To accommodate that, a special classroom and block of faculty offices were cordoned off from the rest of the campus. On most of the campus, students can remove the floor-length black abaya that women must wear in public. In the cordoned-off zone, women have to cover up.
The logistics were the easy part. The challenge, again, was persuading families to allow their daughters to enroll.
“Not only did we now have to find students whose father had the capacity of mind to allow his daughter to explore new ideas,” says Ms. El-Shafie. “But they had to let their daughters be in the same classroom as a male professor.”
Effat University’s engineering and architecture programs, begun in 2006 and 2005, respectively, have taken shape gradually, growing from three students in engineering and 10 in architecture in the first year to 45 in engineering and 62 in architecture today.
In the vast network of Saudi state-financed universities, Effat’s victory is small. And the impact of the campus overall is not much larger: Just 700 students enrolled at the university last year.
2 Steps Forward
For academics like Ms. Alfassi, progress cannot come fast enough.
She has been urging public universities to ease restrictions on gender segregation. Men should be allowed to teach women face to face, she says, and male and female faculty members should be able to sit in the same room.

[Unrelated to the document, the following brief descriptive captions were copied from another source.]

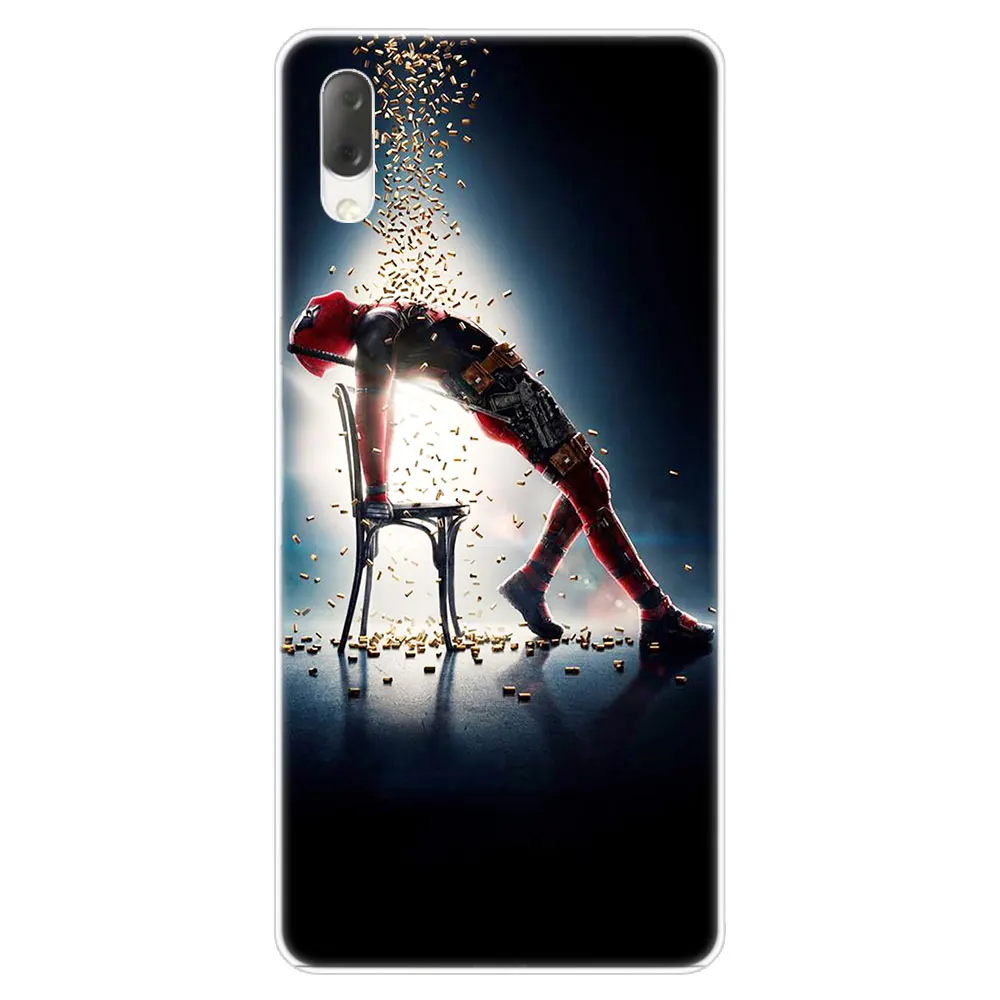 Дэдпул из Вселенной Марвел жесткий чехол для Sony Xperia L1 L2 L3 X XA XA1 XA2 XA3 ультра 10 плюс E5 XZ XZ1 XZ2 компактный XZ3 XZ5 2 20 крышка - Цвет: 011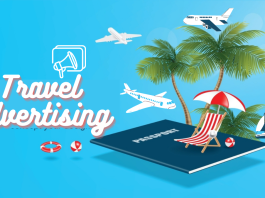 Travel ads Advertising
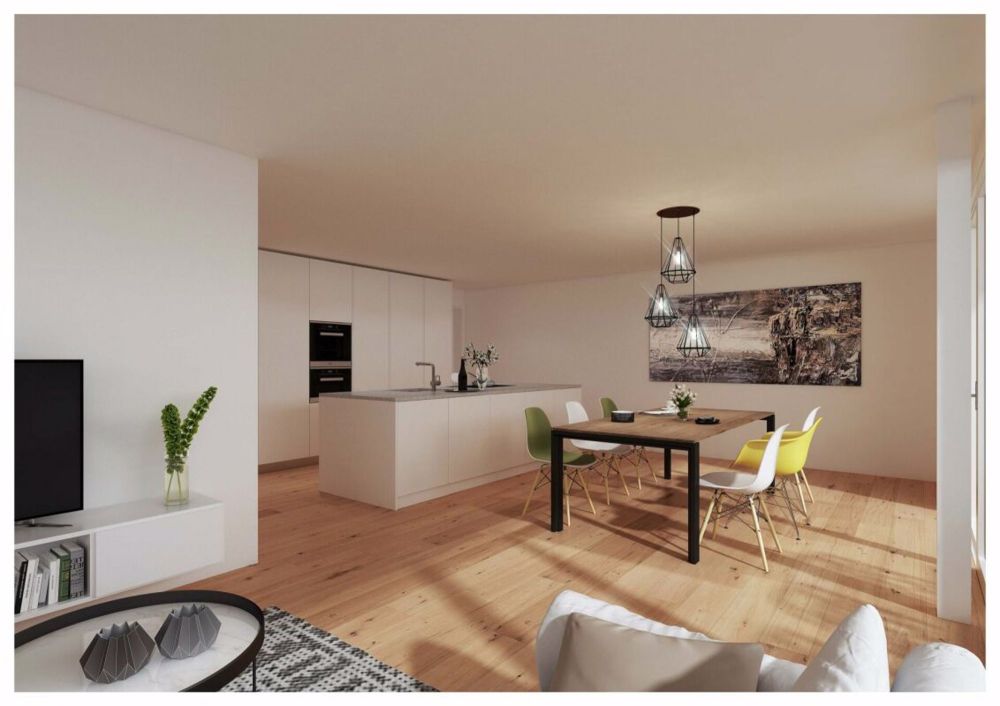 Neubau 4 1/2 Zimmer Gartenwohnung mit traumhafter Aussicht - Bild 2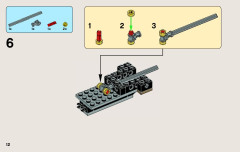 LEGO 70745 instructions page 12 – build guide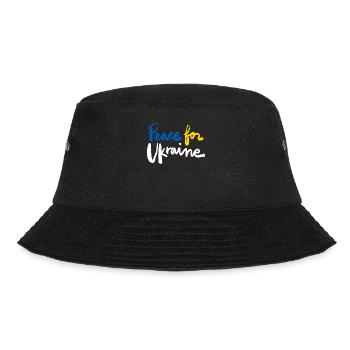 Soutenez l’Ukraine, la paix et non la guerre - Bob - noir - Devant - Lela (165cm)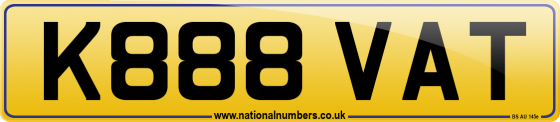 K888 VAT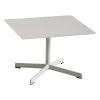 Hay Neu Low Tisch, 60 X 60 cm, Himmelgrau -Urban Im Freien HAY Neu Low Table L60xW60xH40 sky grey powder coated steel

“I find it so insulting when they respond by saying, ‘This society is not ready for this or that.’ As if we are minors that need to be taken care of all the time,” Ms. Alfassi says. “They always hang things on our society not being ready for changes. But what are we waiting for?”
Certainly there are signs of progress. Alongside the long, hot highway leading into the sprawling capital city, on a 2,000-acre stretch of desert, thousands of laborers and a forest of cranes are at work on what promises to be the world’s largest university for women.

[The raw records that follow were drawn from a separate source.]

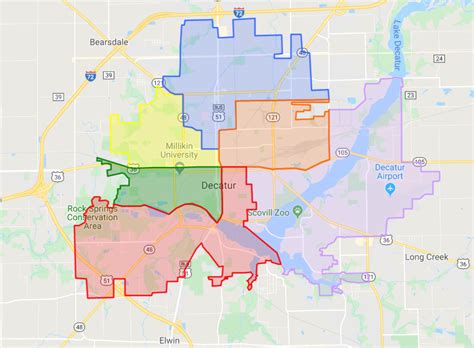 Update Decatur School District Takes Down Boundary Map After Confusion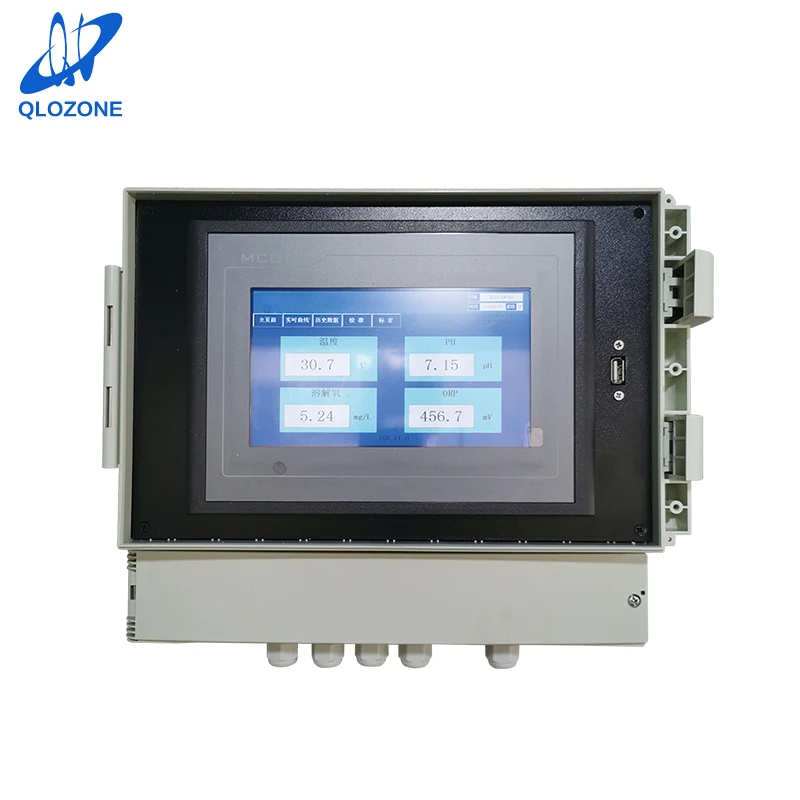 

Hot Selling Water Detector Supplier,Online PH DO Salinity Meter Temperature,Wall-mounted Water Quality Monitoring Instrument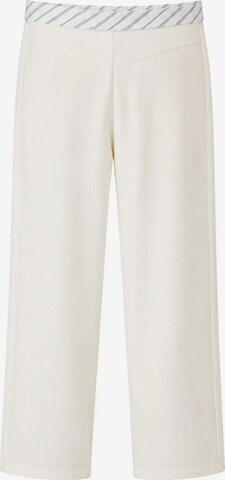 Pantalon 'Mara Trousers' Christine on the clouds en beige : devant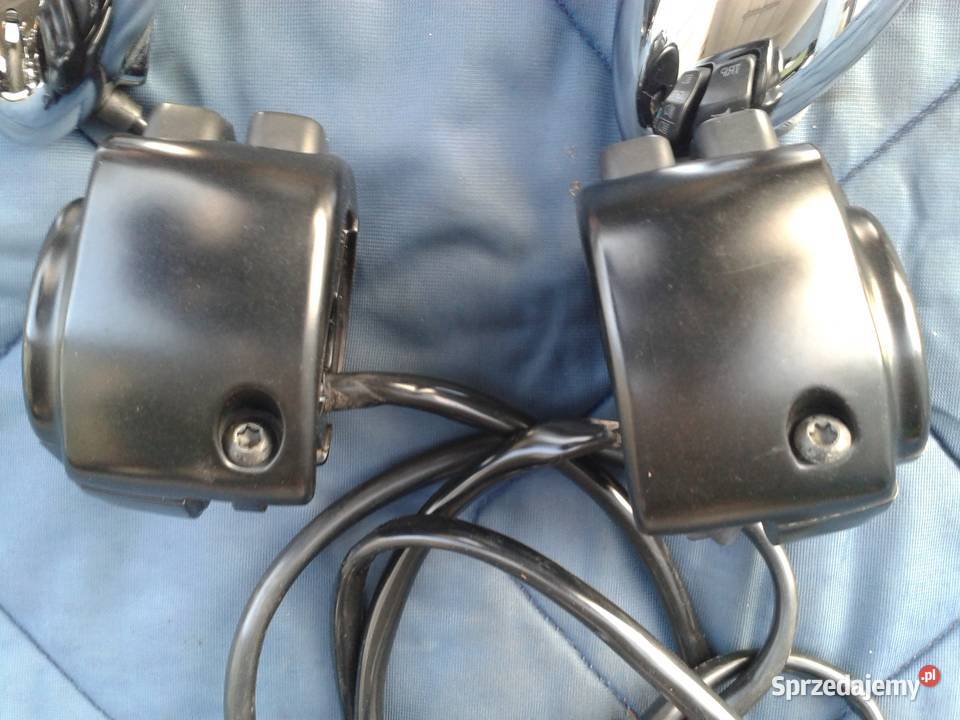 Harley przełączniki przyciski CAN migacz Rybnik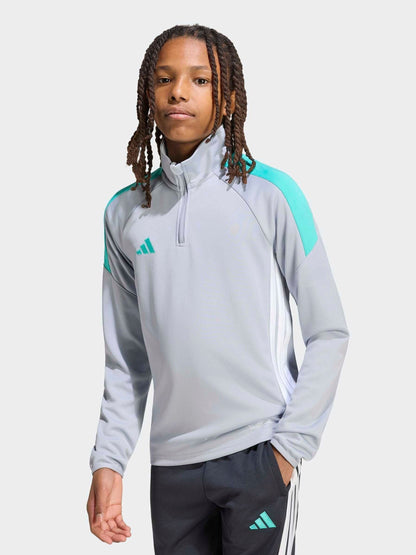 Dsiney Kidz - adidas Grey Tiro Essentials Top image 1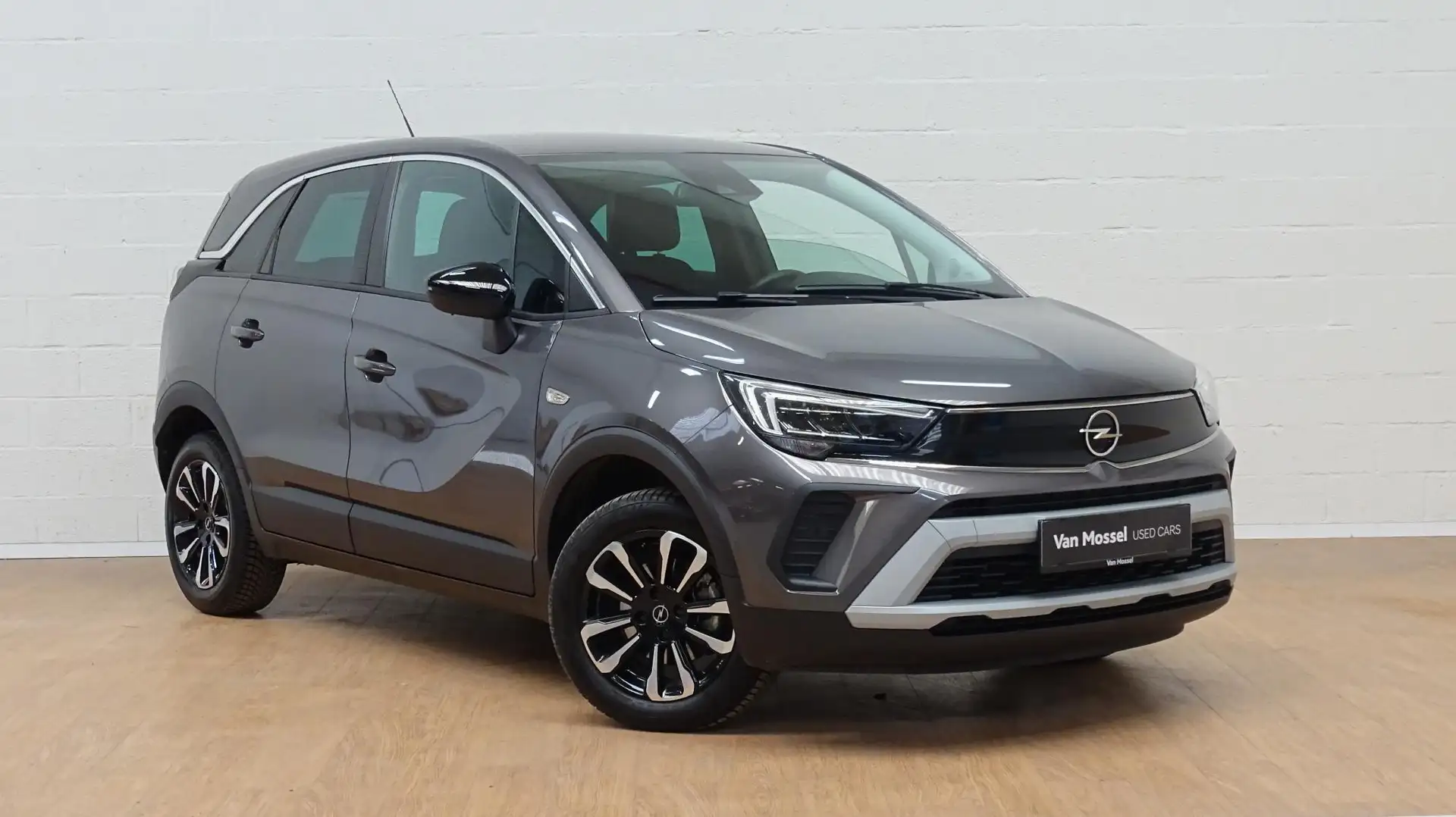 Opel Crossland 1.2T Elegance+gps+camera+park pilot Gris - 2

Princess Nora Bint Abdul Rahman University is the third-largest construction project in Saudi Arabia. It will replace a collection of smaller women’s colleges on a campus twice the size of New York’s Central Park. Eventually it expects to enroll 40,000 students.
Princess Aljoharah, the university’s rector, is particularly proud of the venture.
“This will be Saudi Arabia’s first female-run university, with a female rector, female vice rectors,” she says. “It was the next natural step for women’s education here.”
Government officials hope that the university will become an academic pipeline, turning out more female professors to staff the growing number of women’s colleges in the kingdom.
Still, at a recent meeting of university administrators, it was clear that the vision remained a long way from reality. Attendees spent most of the meeting trying to determine what the institution’s mission would be. Actual programs have yet to be determined, even though the campus is slated to open in 2012.
“When we change here, it is always like this,” Ms. Alfassi sighs. “Very, very slow. Two steps forward and one step back.”